Vom Rollttreppenhinauflaufen, dem Empire-State-Building-Run-up und den 768 Stufen des Ulmer Münsters

Das war mir neu: dass die alte, sowieso kaum noch irgendwo funktionierende Rechts-stehen-links-gehen-Regel auf Rolltreppen wegen erhöhter Unfallgefahr und einseitiger Belastung als offiziell abgeschafft gilt – zumindest in München. So stand es neulich in einer kleinen Rolltreppenkunde in der Süddeutschen Zeitung. Dank der ich jetzt übrigens auch weiß, was eine floppende Affordanz ist. Jener Frust zum Beispiel, welcher sich einstellt, wenn man auf eine Rolltreppe zugeht und erwartet, von ihr transportiert zu werden, um dann aber feststellen zu müssen, dass die Rolltreppe außer Betrieb ist und man die verdammten Stufen zu Fuß nehmen muss. Affordanz. Gut zu wissen.

Für den Extremsportler Stefan Schlett dürfte die Affordanz einer Rolltreppe etwas anderer Natur sein als für uns Rolltreppennormalbenutzer. Der 41-Jährige ist nämlich amtierender Weltrekordhalter im Rolltreppenhochlaufen. Bei seinem Rekordlauf schaffte Schlett 21.403 Stufen in etwas mehr als fünf Stunden. Fünftausend Höhenmeter hat er dabei überwunden. Leider ist es mir bis Redaktionsschluss nicht gelungen, Genaueres über die Wettkampfbedingungen im Rolltreppenrekordlauf in Erfahrung zu bringen. Etwa, in welchem Betriebsmodus sich die Rolltreppe befinden muss: Stillstand, abwärts oder aufwärts? Sind sonst noch Leute auf der Rolltreppe, die, bepackt mit Koffern oder Einkaufstüten oder gar Kinderwagen oder Fahrrädern, einige dieser rolltreppentypischen Hindernisse bilden? Und wo genau existiert eigentlich diese weltrekordtaugliche Fahrtreppe, mit der man sich auf 5.000 Meter transportieren lassen kann, sofern man die Affordanz ihrer 21.403 Stufen nicht eher darin sieht, diese hinaufzurennen?

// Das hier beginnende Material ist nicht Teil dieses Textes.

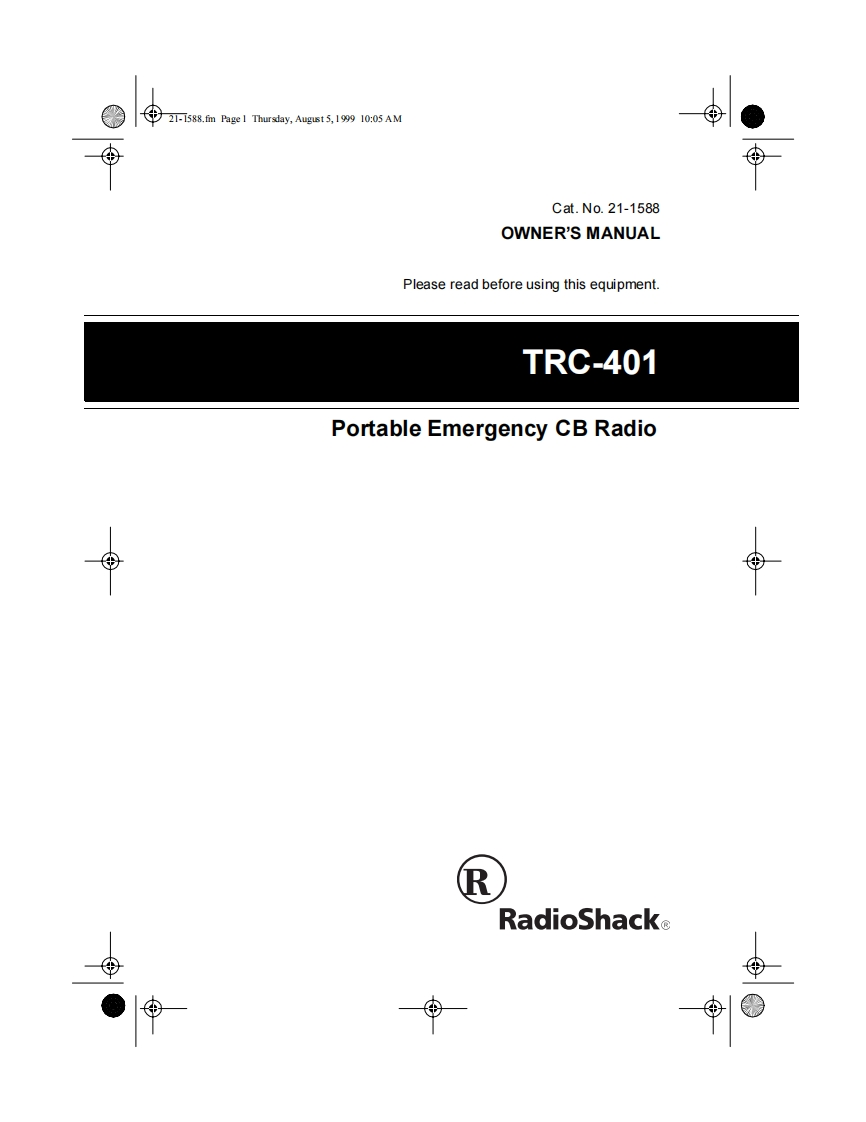 RadioShack_TRC-401_Manual操作说明书手册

Zu einer ganz anderen Affordanz: der des Empire State Buildings nämlich, welche zumindest für uns New-York-Touristen im Wesentlichen die sein dürfte, dessen Aussichtsplattform zu besuchen. Wohl kaum einer, der auf die Idee käme, diese mit der Rolltreppe zu erreichen (zumal es eine solche im Empire State Building auch gar nicht gibt), geschweige denn über dessen Treppenhaus. Selbstverständlich benützte man einen seiner 73 Aufzüge. Nicht so Thomas Dold. Der 21-jährige Stuttgarter pflegt die Treppe zu nehmen. So gerade erst wieder am vorletzten Dienstag, als Dold im Rahmen des „Empire State Building Run-up“ die 1.576 Stufen hinauf in den 86. Stock hastete. Er brauchte dafür 10 Minuten und 25 Sekunden und war damit, wie schon im Vorjahr, abermals der Schnellste des seit 29 Jahren ausgetragenen Treppenlaufs.

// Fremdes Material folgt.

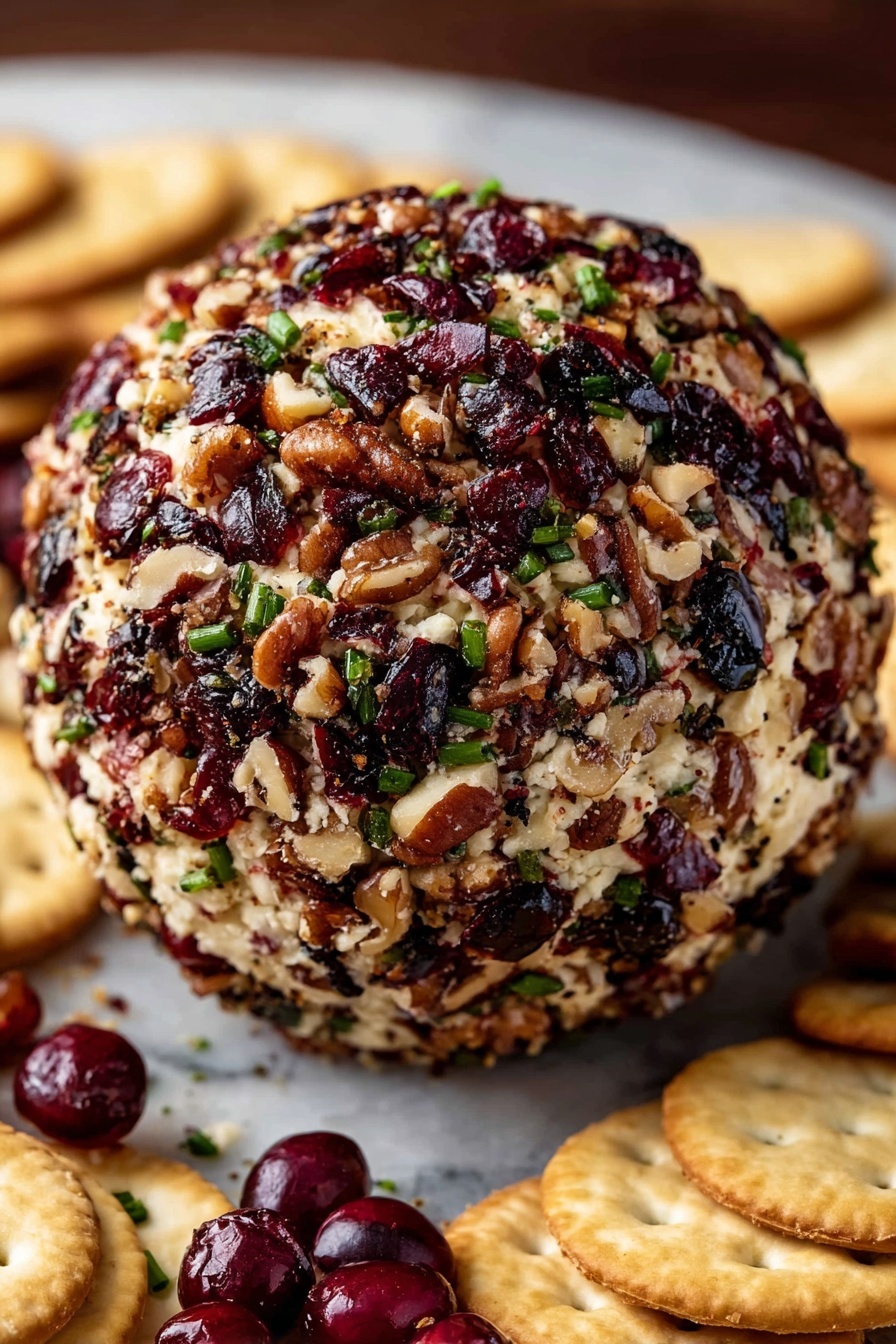 Cranberry Pecan Cheese Ball Recipe - Serving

Eine umso beachtlichere Leistung, wenn man bedenkt, wie’s bei diesem Run-up abgeht. Die über hundert männlichen Teilnehmer starten vor dem Wolkenkratzer im Rudel. Nach zwanzig Metern bereits muss das Feld durch eine, wie Dold sie beschreibt, „handelsübliche Tür“ drängen, hinter der die Holztreppe hinauf zur Plattform beginnt. Gerade mal einen Meter breit sind deren Stufen und bieten somit kaum eine Möglichkeit zu überholen, weswegen jeder Läufer unter Einsatz aller zur Verfügung stehenden Haken und Knüffe versucht, als einer der Ersten die Treppe zu erreichen. Nur so hat man überhaupt eine Siegchance. Damit nicht genug, müssen irgendwann unterwegs auch noch die fünf Minuten früher startenden Damen überholt werden. Auch das gelingt in der Enge des Treppenhauses oft nur mit kraftraubendem Drängeln und Schubsen, weil auch die Damen ungern Platz machen oder die von hinten Heranhechelnden schlichtweg nicht bemerken.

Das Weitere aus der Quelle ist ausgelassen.